The offense scratched a run across on an Edward Olivares double in the bottom of the eighth that led to Dairon Blanco pinch running and stealing third and scoring on one of the weirder throwing errors you’ll ever see from a pitcher trying to throw to the plate. For the first time all year, the Royals didn’t win a game they led after eight, so it was a bad time for Scott Barlow to have a bit of a blowup, but even calling it a blowup is probably not entirely accurate.
He gave up a single on a pitch barely a foot off the ground. Then he walked a batter. That’s completely on him. And then he gave up a double on a pitch that I actually didn’t mind either. Sometimes the other team beats you and I think the Guardians beat Barlow far more than he beat himself. It doesn’t make a loss any better, but it should probably make you feel fine about Barlow coming back out the next time he pitches to shut the door.
I don't think it’ll matter for much longer, but the Royals and Matt Quatraro need to do a better job of getting him in more games, lead or not.
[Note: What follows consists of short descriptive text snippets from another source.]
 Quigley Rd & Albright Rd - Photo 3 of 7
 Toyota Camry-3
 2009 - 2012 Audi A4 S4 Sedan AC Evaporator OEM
Barlow has allowed. a.259/.375/.444 line with four or more days of rest between appearances and .215/.292/.354 with three or fewer days. He’s still been excellent since his rough start to the season, even with last night’s blown save, which was just his second of the year. It was just unfortunate that it went that way for him last night.
Yes, that was an impressive outing by Singer. He's going to need a whole lot more of those, and a whole lot fewer of the bad ones, before I get back to believing in him even a little bit.
Nice wrap. Witt has had a couple of iffy plays defensively recently. Curious what the overall defensive metrics say about him at SS. Probably a terrible comparison, but my vague, non-google refreshed, recollection is that the sophisticated metrics hated Jeter bc he didn't get to balls other SS did, but he always made the fundamental play. Witt seems like the other end of the spectrum. But that's just subjective / recency bias speaking.